* MATERIAL TO PROCESS

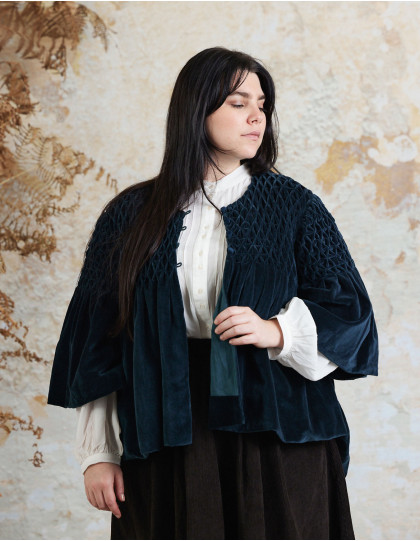 Veste "Minna" vert forêt en velours de coton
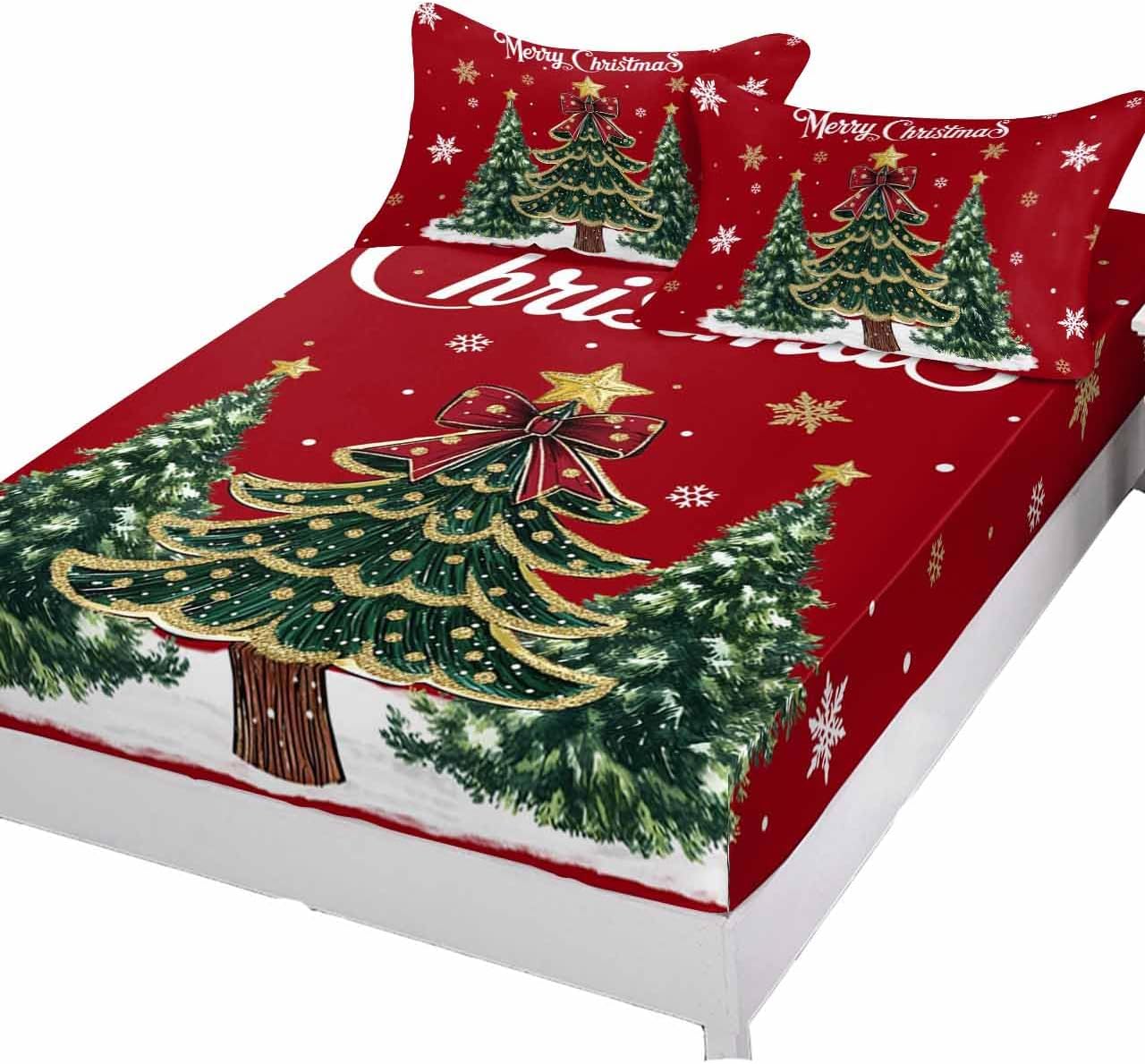 Xmas Bow Star Tree Fitted Bed Sheet Set for California King Size Fits Mattress Upto 16Inch,Christmas Red Winter Snowflake Soft Microfiber Deep Pocket Bedsheet with 2 Pillow Shams Hotel/Bedroom Decor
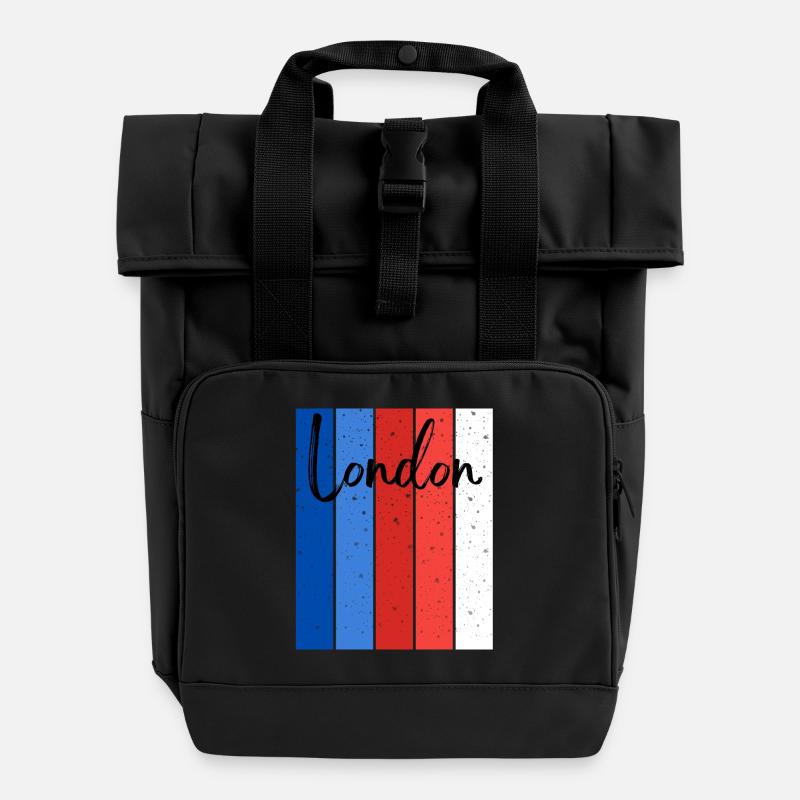 Stadt London - Rolltop Rucksack mit zwei Griffen - Schwarz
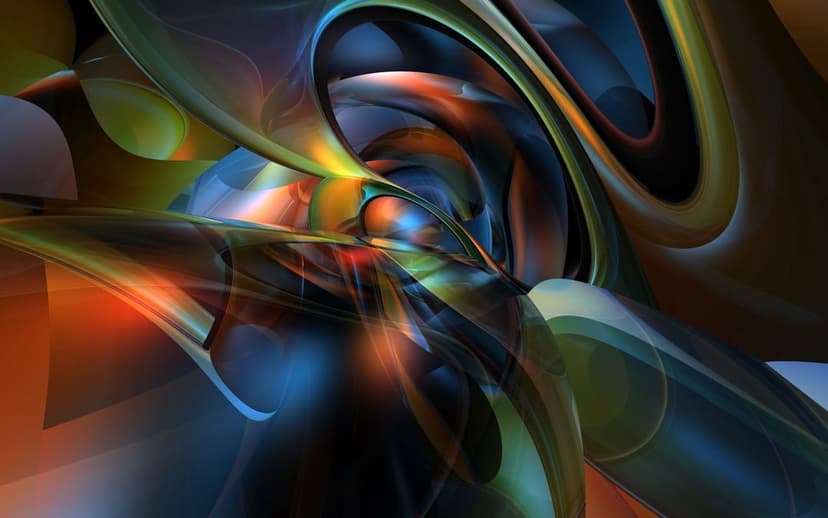 Swirling ribbons of blue, orange, and green fluid intertwine with glossy reflections and deep layered shadows.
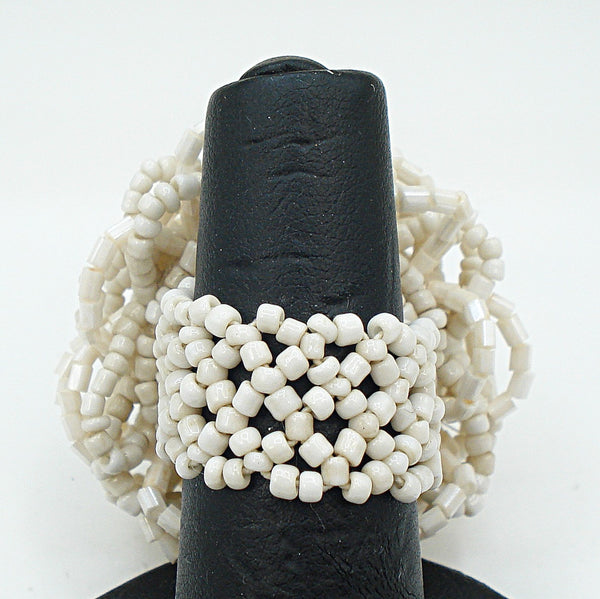 Vintage Statement Seed Bead Flower Ring Off White Glass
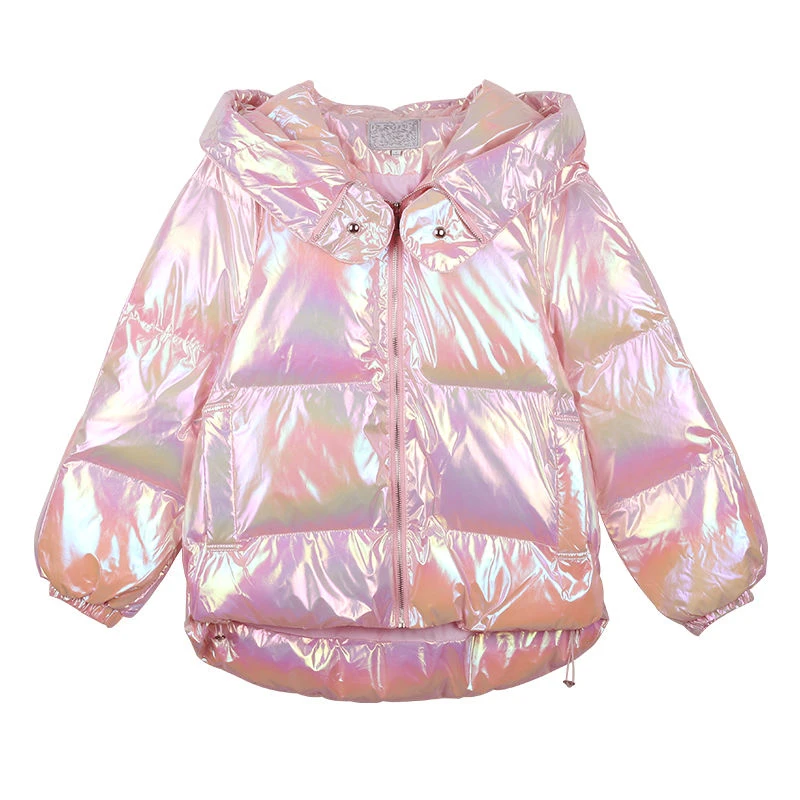 Women 2022 New Jacket Parkas Fashion Winter Slim Thick Glossy Down Cotton Coat Jacket Female Bread Cotton Padded Solid Outwear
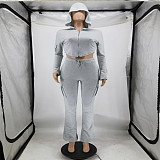 Solid Cropped Jacket Pockets Pants Tracksuits WSM-5355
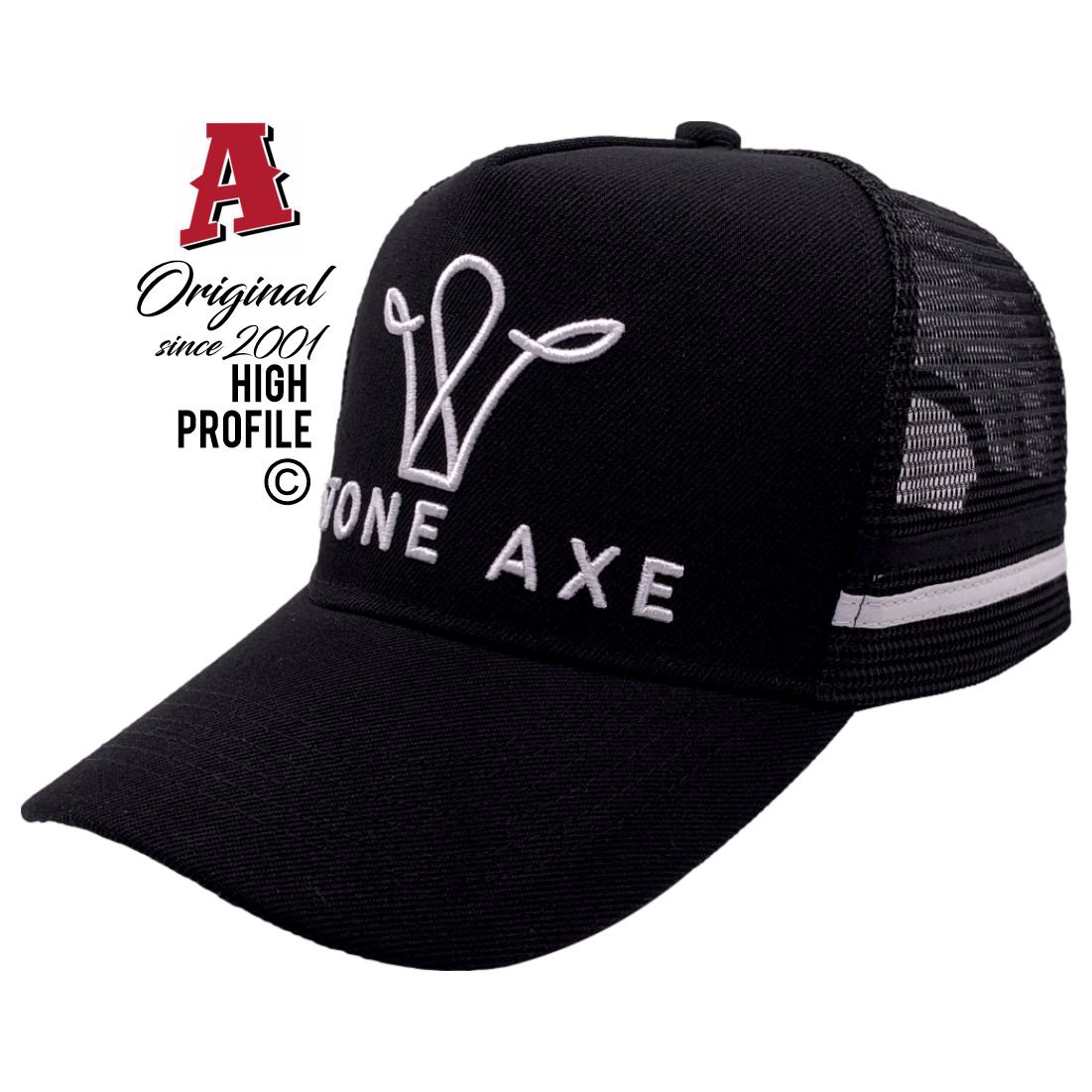 Stone Axe Pastoral Company Omeo VIC 3898 HP Midrange Aussie Trucker Hats Australian Head Fit Crown & Double SideBands snapback rear closure black livestock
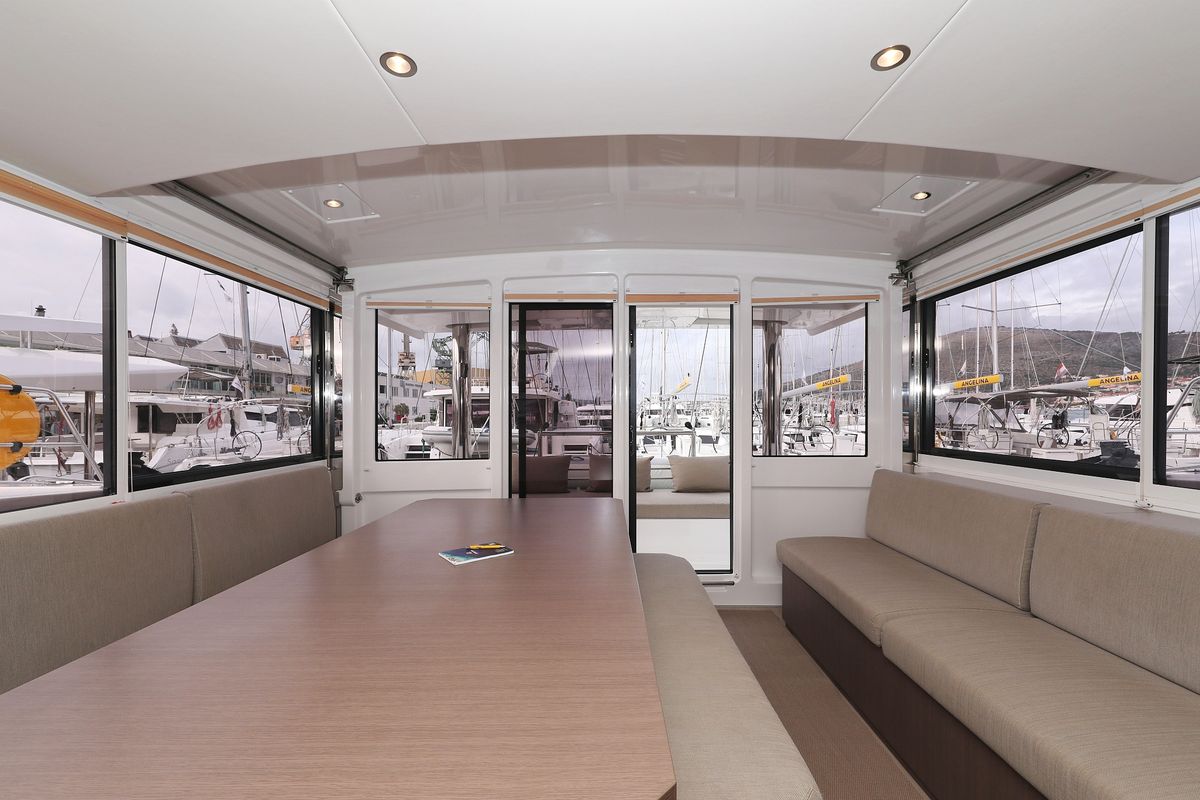 Salon of Titan, a Bali 4.8 catamaran at Grad Trogir, Croatia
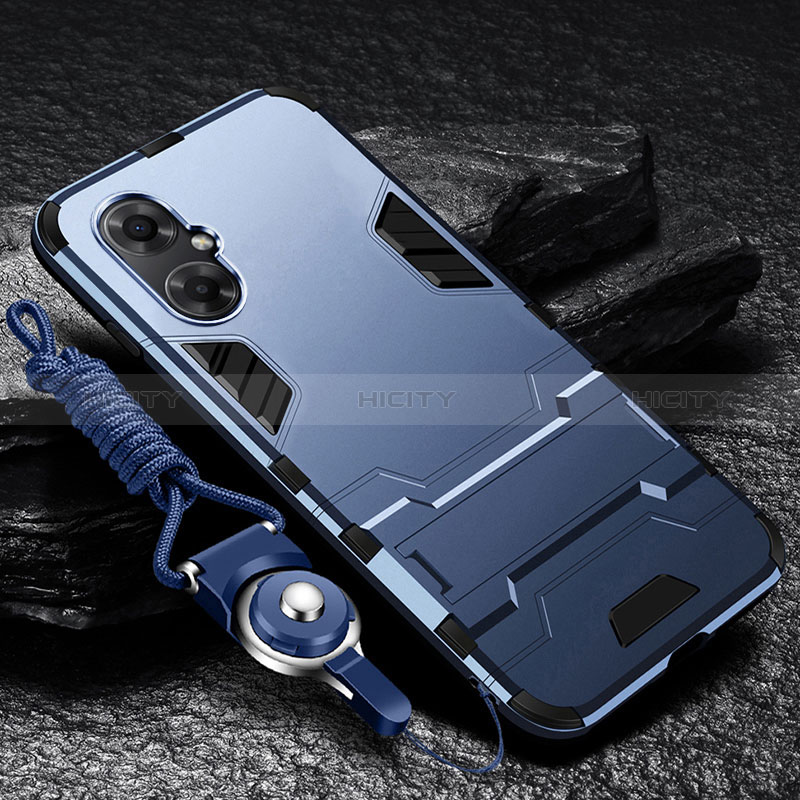 Funda Bumper Silicona y Plastico Mate Carcasa con Soporte R01 para Xiaomi Redmi Note 11R 5G Azul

* WORK TASK
Please leave out the pictures while you copy exactly the lines from the one containing "Vintage Statement Seed" through the end of the records.

* EXERCISE RESPONSE
 Vintage Statement Seed Bead Flower Ring Off White Glass
 Women 2022 New Jacket Parkas Fashion Winter Slim Thick Glossy Down Cotton Coat Jacket Female Bread Cotton Padded Solid Outwear
 Solid Cropped Jacket Pockets Pants Tracksuits WSM-5355
 Stone Axe Pastoral Company Omeo VIC 3898 HP Midrange Aussie Trucker Hats Australian Head Fit Crown & Double SideBands snapback rear closure black livestock
 Salon of Titan, a Bali 4.8 catamaran at Grad Trogir, Croatia
 Funda Bumper Silicona y Plastico Mate Carcasa con Soporte R01 para Xiaomi Redmi Note 11R 5G Azul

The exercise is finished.